Wir sind ein offenes, ein transparentes, ein demokratisches Haus, wie unsere Gesellschaft auch. Es sind Mitglieder dieses Hauses, Mitarbeitende dieser Abgeordneten, die diese Offenheit sabotieren, und zwar nicht nur am letzten Mittwoch. Kampagnen aus Bundestagsbüros haben wir schon vorher erlebt. Diese Destruktion hat System.
(Beifall bei der SPD, der FDP und dem BÜNDNIS 90/DIE GRÜNEN sowie bei Abgeordneten der LINKEN)
Wir hören aus diesen Reihen nicht nur Reden voller Verachtung, sondern sehen auch diese Taten. Wenn Sie, geehrte Bürgerinnen und Bürger, die Demokratie wirklich wahren wollen, dann können Sie diese Destrukteure hier nicht wählen.
(Beifall bei der SPD sowie bei Abgeordneten der LINKEN und des BÜNDNISSES 90/DIE GRÜNEN)
Liebe demokratische Kolleginnen und Kollegen, wir haben hier die Bundestagspolizei, wir haben eine starke Geschäftsordnung. Wir können uns wehren gegen diese systematischen Angriffe. Leider haben diese Angriffe auf die repräsentative Demokratie aber nicht nur hier System. Wir sehen das auch in Landtagen, wir sehen das in Kommunen. Und da ist es besonders perfide. Oftmals werden ehrenamtliche Mandatsträgerinnen und Mandatsträger bedrängt und bedroht, auch da von AfD-Mitgliedern und deren Umfeld.
(Zuruf des Abg. Armin-Paulus Hampel [AfD])
Ganz aktuell nur ein Fall: Kreisräte und Landtagsabgeordnete der AfD bedrängen in einem offenen Brief die amtierende Landrätin, nur weil diese die Verordnungen umsetzt und das Kreiskrankenhaus am Laufen halten will. Mandatsträger können jede Frage ans Landratsamt stellen. Sie könnten jedes Thema auf die Tagesordnung der Kreistagssitzung setzen, wenn, ja wenn diese Demokratieverächter an Lösungen interessiert wären. Das sind sie aber nicht. Es geht allein um öffentlichen Druck gegen diejenigen, die unsere Demokratie tragen. Das ist so unverantwortlich angesichts dessen, was diese Gesellschaft gerade zu stemmen hat.

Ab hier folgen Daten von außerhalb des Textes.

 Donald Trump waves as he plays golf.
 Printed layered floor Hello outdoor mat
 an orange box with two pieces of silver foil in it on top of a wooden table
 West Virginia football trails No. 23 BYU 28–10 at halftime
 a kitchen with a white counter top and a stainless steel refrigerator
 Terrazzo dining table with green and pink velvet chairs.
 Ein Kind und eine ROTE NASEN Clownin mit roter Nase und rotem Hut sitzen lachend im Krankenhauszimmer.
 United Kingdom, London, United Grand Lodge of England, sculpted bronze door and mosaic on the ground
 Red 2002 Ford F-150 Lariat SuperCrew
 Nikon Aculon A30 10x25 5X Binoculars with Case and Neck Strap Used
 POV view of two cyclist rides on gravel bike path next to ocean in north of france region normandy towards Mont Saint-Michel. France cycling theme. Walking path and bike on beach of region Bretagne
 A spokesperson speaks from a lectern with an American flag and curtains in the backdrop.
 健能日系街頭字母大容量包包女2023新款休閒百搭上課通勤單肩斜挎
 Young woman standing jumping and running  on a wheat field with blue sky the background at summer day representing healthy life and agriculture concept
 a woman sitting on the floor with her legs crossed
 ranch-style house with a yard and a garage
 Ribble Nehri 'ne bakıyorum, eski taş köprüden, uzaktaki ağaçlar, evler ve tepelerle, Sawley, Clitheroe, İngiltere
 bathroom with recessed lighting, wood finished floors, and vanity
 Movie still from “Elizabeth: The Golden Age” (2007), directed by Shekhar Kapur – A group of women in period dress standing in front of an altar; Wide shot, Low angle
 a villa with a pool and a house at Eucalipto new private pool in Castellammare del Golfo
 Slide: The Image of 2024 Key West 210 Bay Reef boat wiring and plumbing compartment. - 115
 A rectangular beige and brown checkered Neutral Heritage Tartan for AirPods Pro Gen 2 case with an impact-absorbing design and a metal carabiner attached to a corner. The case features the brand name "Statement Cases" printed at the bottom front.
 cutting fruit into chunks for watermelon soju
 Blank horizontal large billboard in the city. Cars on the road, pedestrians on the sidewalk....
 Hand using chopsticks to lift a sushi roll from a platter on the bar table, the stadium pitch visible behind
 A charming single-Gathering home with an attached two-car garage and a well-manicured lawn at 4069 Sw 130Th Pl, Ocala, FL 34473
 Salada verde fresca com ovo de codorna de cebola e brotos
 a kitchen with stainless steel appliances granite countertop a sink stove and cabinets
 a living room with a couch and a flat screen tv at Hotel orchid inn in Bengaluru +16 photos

(Beifall bei der SPD und dem BÜNDNIS 90/DIE GRÜNEN sowie bei Abgeordneten der CDU/CSU, der SPD und der LINKEN)
Für nichts eine Lösung zu haben, aber auf allen Ebenen diejenigen, die ernsthaft um Lösungen ringen, am Arbeiten hindern – dafür wollen Rechtsextreme gewählt werden. Aber nicht, um für das Gelingen der Demokratie zu sorgen, sondern um deren Scheitern erst herbeizufantasieren und dann alles dafür zu tun. Bezieht sich diese Sabotage aber nur auf Politik und Verwaltung? Nein, Kulturschaffende, Gewerkschafterinnen und Gewerkschafter, zivilgesellschaftlich Engagierte, Journalistinnen und Journalisten werden angegangen.
Sie wollen Grundrechte schützen? Haben Sie schon mitbekommen, dass dazu auch Vereinigungsfreiheit und Pressefreiheit gehören, und zwar für alle und nicht nur für Ihresgleichen? Diese ganze Sabotage ist kein Zufall; es ist ein Wesensmerkmal von Rechtsextremismus, dieser tritt hier offen zutage.
(Beifall bei der SPD, der LINKEN und dem BÜNDNIS 90/DIE GRÜNEN sowie bei Abgeordneten der CDU/CSU und der FDP)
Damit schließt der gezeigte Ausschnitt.